The name was found. The men paid their respects with silence. Then, with some catches in the throat, the stories began again. Mr. Klenawicus, originally reluctant to come on the trip, thanked Officer Cronin for encouraging him to join his fellow veterans.

“It’s unbelievable,” Mr. McGayhey said quietly. “All these names.”

“You know what bothers me?” asked Mr. Klenawicus. “You look down at this wall from up above and think, 58,000 men died, and for what?”

As the bright autumn day faded to long shadows, the tour went up a hill to the U.S. Marine Corps Memorial, also known as the Iwo Jima memorial, where another veteran confronted the sacrifices of war. Mr. Strom had been part of the naval fleet that supervised the Marine landings at Iwo Jima. “There was constant bombardment and constant battle,” Mr. Strom said. “It was just …” the Navy vet paused. “Just slaughter.”

A remarkable connection was made at the base of the memorial, when Mr. Strom discovered that Mr. Strugats, the Army Air Corps combat veteran, had crash-landed on Iwo Jima.

“We know each other, our wives know each other, and I never knew he was there,” Mr. Strom said later.

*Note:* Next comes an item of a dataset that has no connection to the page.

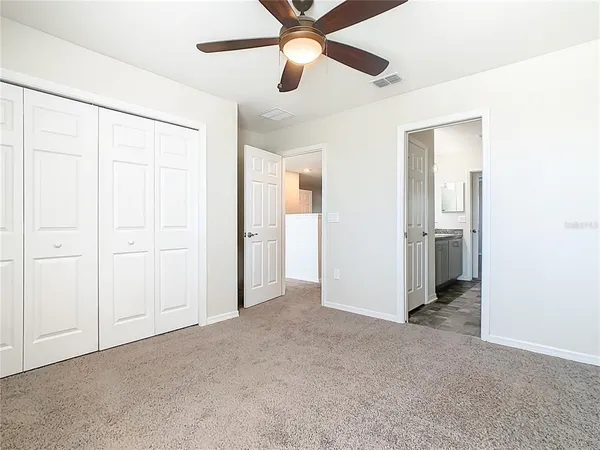 a view of a room with window and closet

AMBROSE CLANCY PHOTO | Island vets greeted by a reception of U.S Navy Academy midshipmen as they arrive at Batimore-Washington Airport.

A FINAL SALUTE

Another warm greeting surprised the vets and their friends and family when their chartered bus with motorcycle escort returned to the Island after the long day. The fire department shot off water cannon salutes and draped an American flag from a crane high over the street at American Legion Hall.

As a four-piece brass band played, a crowd of about 50 residents turned out to welcome their veterans home.

Mollie Strugats, who accompanied her husband all day, was, like everyone on the tour, overwhelmed at her hometown’s reception. “Fantastic,” Mrs. Strugats said. “The motorcycles, all the people in Washington and everyone cheering when we got home. I could get used to this.”